An inquest into her July 2011 death heard how paramedics recorded her body temperature at 40.5 C, way above the normal human body temperature of 37 C.

A coroner likened her death to being cooked alive, with her suffering asphyxiation and heat stroke.

In 2014 Gabrielle Fréchette, Gérald Fontaine and Ginette Duclos were found guilty of criminal negligence and causing death in connection with the tragedy.

They were also convicted of criminal negligence and causing bodily harm to a second woman, Julie Théberge, who lost consciousness after taking part in the treatment.

Fréchette – considered a spiritual guide and organiser of the seminar in Durham-Sud – was sentenced to three years' imprisonment last year, while her assistants Duclos and Fontaine were given two years each.

On Tuesday (7 November), the Quebec Court of Appeal dismissed the trio's appeal bid, meaning their conviction and sentences are maintained.

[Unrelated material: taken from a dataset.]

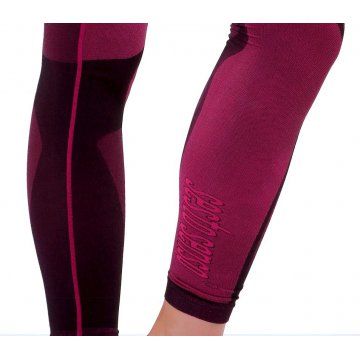 Spodnie damskie Thermo Active różowe
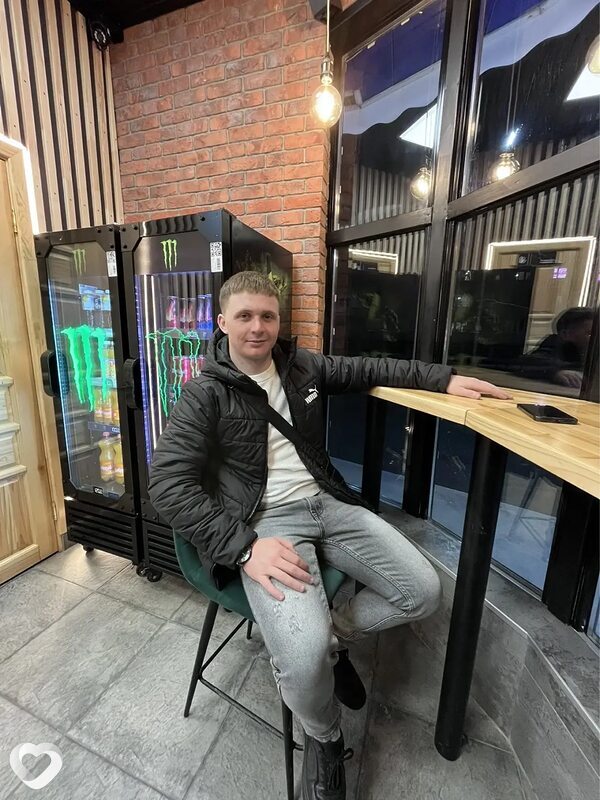 Станислав, 25, Бердске — анкета №4026801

Lawyers for the three claimed the trial judge erred in concluding their behaviour constituted a marked and considerable departure from how a reasonable person would have behaved in the same circumstances.

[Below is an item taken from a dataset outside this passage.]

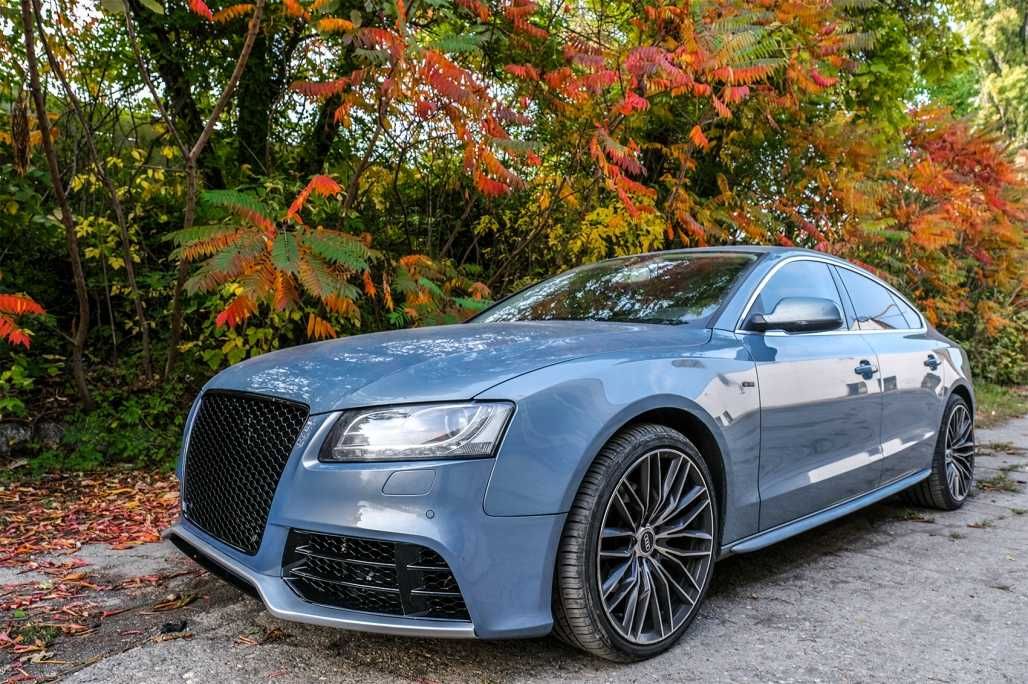 Bara Fata AUDI A5 (2008-2011) RS5 Design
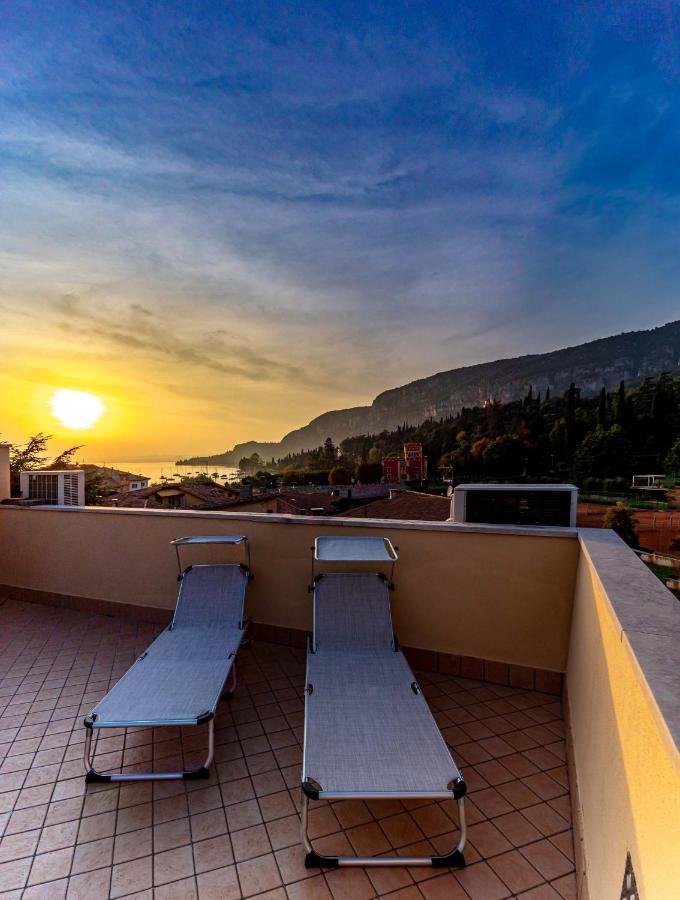 La Ca Del Picia Apartment Гарда Екстериор снимка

But Justice Patrick Healy, on behalf of a three-member appeals court panel, wrote that the sentences "are not unfit".

"They are not only within an acceptable range; they are arguably lenient," Healy said, as reported by Canadian newspaper The National Post. "Second, there is no error of principle and there is no failure to consider a relevant matter of fact or a guiding principle of sentencing.

"The sentencing judge provides a thorough review of factual considerations relevant to each of the appellants."

They could still apply to the Supreme Court of Canada for permission to appeal.

The trio have yet to serve their time in prison and are due to report to the prison authorities by 17 November.